“Happiness can be found in the darkest of times, if one only remembers to turn on the light.” Thousands of people flocked to the light of the big screen for the third film in the juggernaut Harry Potter franchise, “The Prisoner of Azkaban ” this past weekend at Wolf Trap. This reviewer has seen this film multiple times, but was excited about this extra special performance; the film would be accompanied by the National Symphony Orchestra, playing the film’s impressive score by the indefatigable John Williams. Spoiler alert – they did not disappoint.
If you are one of the few people who hasn’t heard the name Harry Potter, his story of magic and bravery captivated a generation, and continues to cast its spell on people of all ages. He is a young orphan, who finds out on his 11th birthday that he is a wizard, and there is an entire magical world that he has never known. He goes off to Hogwarts School of Witchcraft and Wizardry to learn to use his powers responsibly, with plenty of adventure along the way. He is sorted into one of the 4 houses at Hogwarts: Gryffindor (Harry’s house), Hufflepuff, Ravenclaw, and Slytherin.
It’s wonderful to use these well-loved films to show young people that so-called “classical music” can be enjoyable and accessible.
His biggest adventure has to do with the evil wizard who was responsible for the death of his parents; Voldemort, or “He Who Must Not Be Named” to most. In the third film, “Harry Potter and the Prisoner of Azkaban,” Harry finds himself pursued by the notorious and terrifying Sirius Black, who has recently escaped from the wizard prison Azkaban. Harry and his best friends Ron and Hermione must race to find the truth before innocent lives are lost.
The National Symphony Orchestra joined with Cineconcerts again to present the full score of “Harry Potter and the Prisoner of Azkaban,” while the film played on the big screen. The NSO started this series last summer at Wolf Trap, with the first film in the series, “Harry Potter and the Sorcerer’s Stone,” and followed up with the second film, “Harry Potter and the Chamber of Secrets” over Thanksgiving weekend at the Kennedy Center. Steven Reineke, the conductor for the NSO Pops conducted this performance and acted as the evening’s charming host. Many fans like to sort themselves into the Hogwarts houses and have fierce house pride. At the start of the performance, Reineke asked the fans in the audience which houses they represented, resulting in loud cheers. He also encouraged the audience to react to the film thought the evening with cheers, boos, laughter, and applause. Finally, before the start of the show, Reineke announced that the winner of a local radio contest would get the opportunity to bring him his “magic wand” to conduct the performance. The lucky young wizard was 9-year-old Nash, in full Gryffindor costume, who did a fantastic job!

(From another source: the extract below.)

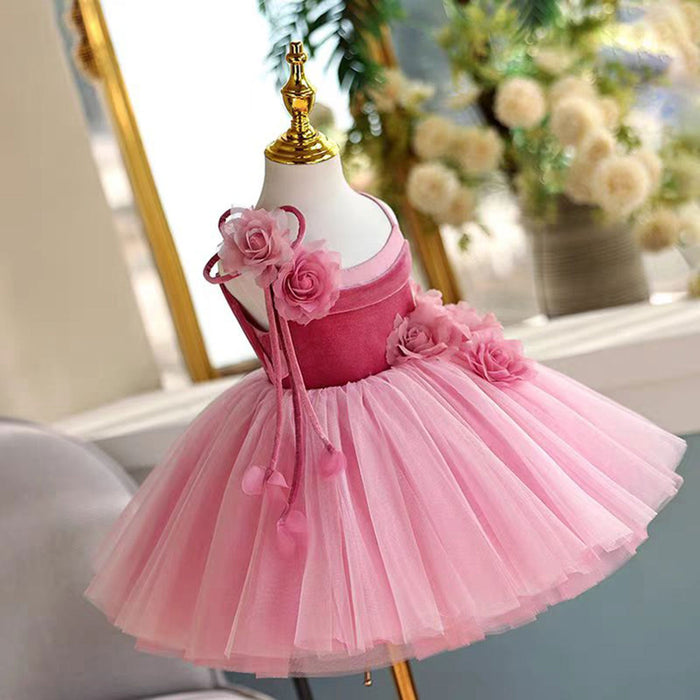 Pink Girl Dress Spaghetti Straps Toddler Kids 1st Birthday Gown J447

The performance was a fantastic evening of fun for people of all ages. The audience was made up of everyone from small children to grandparents, it looked like everyone had a great time. It’s easy when watching the film at home to forget how much top-notch music is in it, and how effectively it sets the mood for some very important events. The iconic music-box sound of the opening theme played live on the xylophone elicited cheers from the crowd. The scene where a mysterious dog corners Harry on the street at night was made infinitely more ominous by the sinister scratching sounds made by the string section. And when Harry goes for a ride on a glorious mythical beast, the majestic and soaring score almost made a tear come to your eye. The NSO did an incredible job with the score, making the experience unforgettable. The horn section was featured in the section where Harry took a ride on the “Knight Bus,” with a frenetic and delightful jazzy air, and there was also an impressive flute solo during the flight of an unfortunate bird into the Whomping Willow tree.

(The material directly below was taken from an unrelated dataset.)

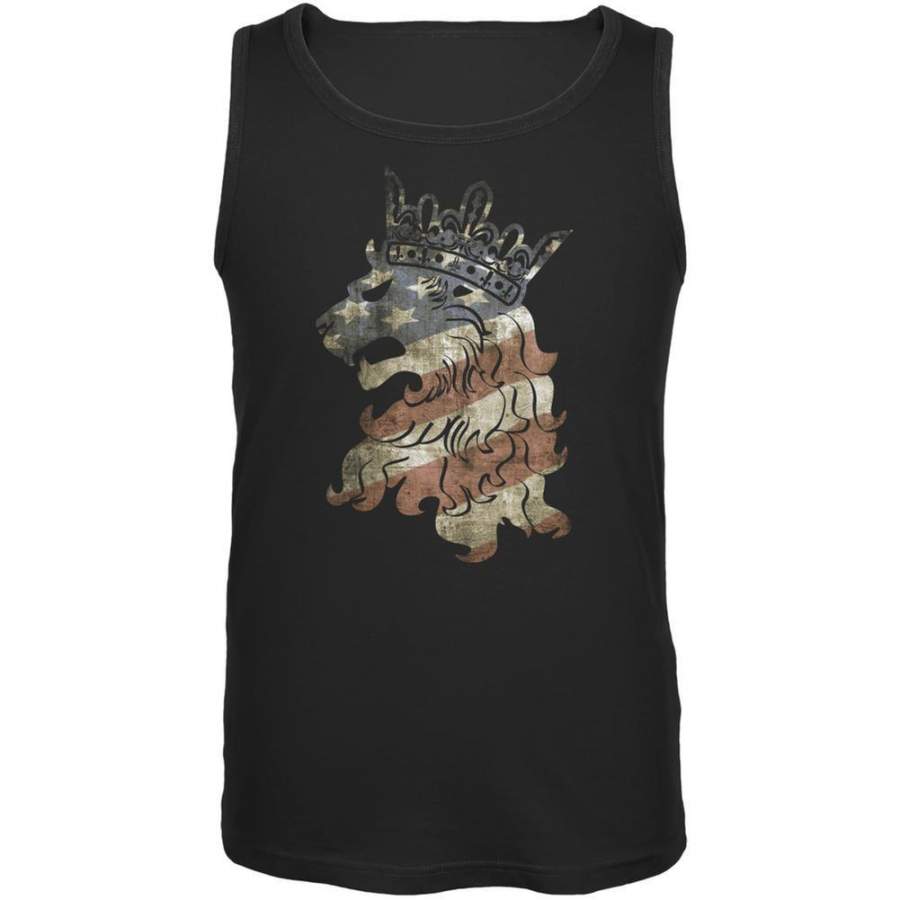 4th of July American Flag Heraldic Lion Black Adult Tank Top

The performance was also greatly benefited by the beautiful venue of Wolf Trap National Park for the Performing Arts. It was a gorgeous night, with the recent unbearable heat finally breaking, and a breeze blowing through the open-air seating. The screen was nice and big so that everyone all the way back through the lawn seats could see things easily. The warm wood of the stage, strategically placed speakers, and architecture of the amphitheater made for surprisingly good acoustics for a fully outdoor theater. The staff was also so friendly and helpful; the entire experience was top-notch. It really is the premiere summer entertainment venue.
Finally, this series is such a great way for the NSO to continue introducing the power and magic of instrumental music to different audiences. It’s wonderful to use these well-loved films to show young people that so-called “classical music” can be enjoyable and accessible. This pairs well with the other live film performances, as well as the Ben Folds’ helmed Declassified series, to open up orchestral music to the masses. It is truly one of the things that make the NSO one of the best orchestras out there, that they are committed to producing music that can be enjoyed by so many different kinds of people; that is an important commitment to the arts and the community. While this performance has concluded, this reviewer sincerely hopes to see “Harry Potter and the Goblet of Fire,” pop up on the docket very soon.
Running Time: Approximately 2 and 1/2 hours, with one 15 minute intermission.
Advisory: The film did have a few frightening moments that might be too much for young children.